» **RECORD EXCERPTS**

+---+

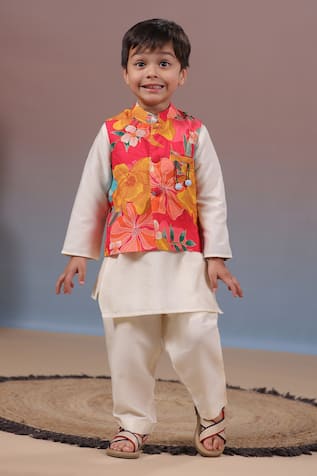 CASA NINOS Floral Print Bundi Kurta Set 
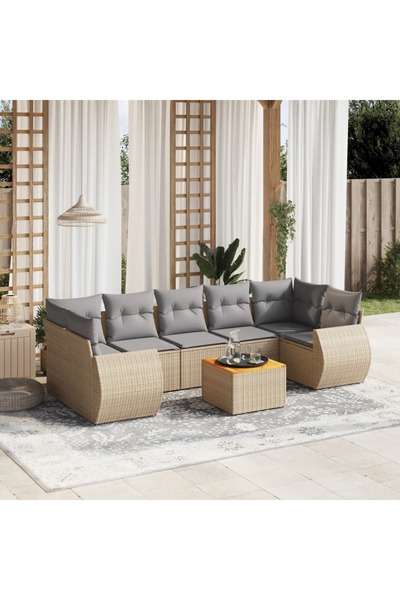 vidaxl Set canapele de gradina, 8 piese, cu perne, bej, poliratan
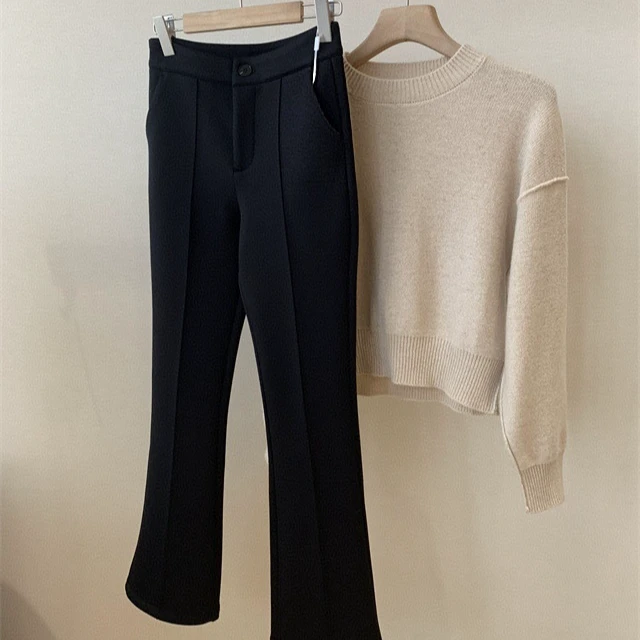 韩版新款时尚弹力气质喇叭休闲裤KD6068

+---+

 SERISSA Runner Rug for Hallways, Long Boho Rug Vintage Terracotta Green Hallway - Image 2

+---+

» **EXERCISE PROMPT**
Everything from the line with "vidaxl Set canapele" down to the line with "韩版新款时尚弹力气质喇叭休闲裤KD6068" in the data above should be copied exactly, with both end lines kept and the pictures left out.

» **RESULT OF THE EXERCISE**
 vidaxl Set canapele de gradina, 8 piese, cu perne, bej, poliratan
 韩版新款时尚弹力气质喇叭休闲裤KD6068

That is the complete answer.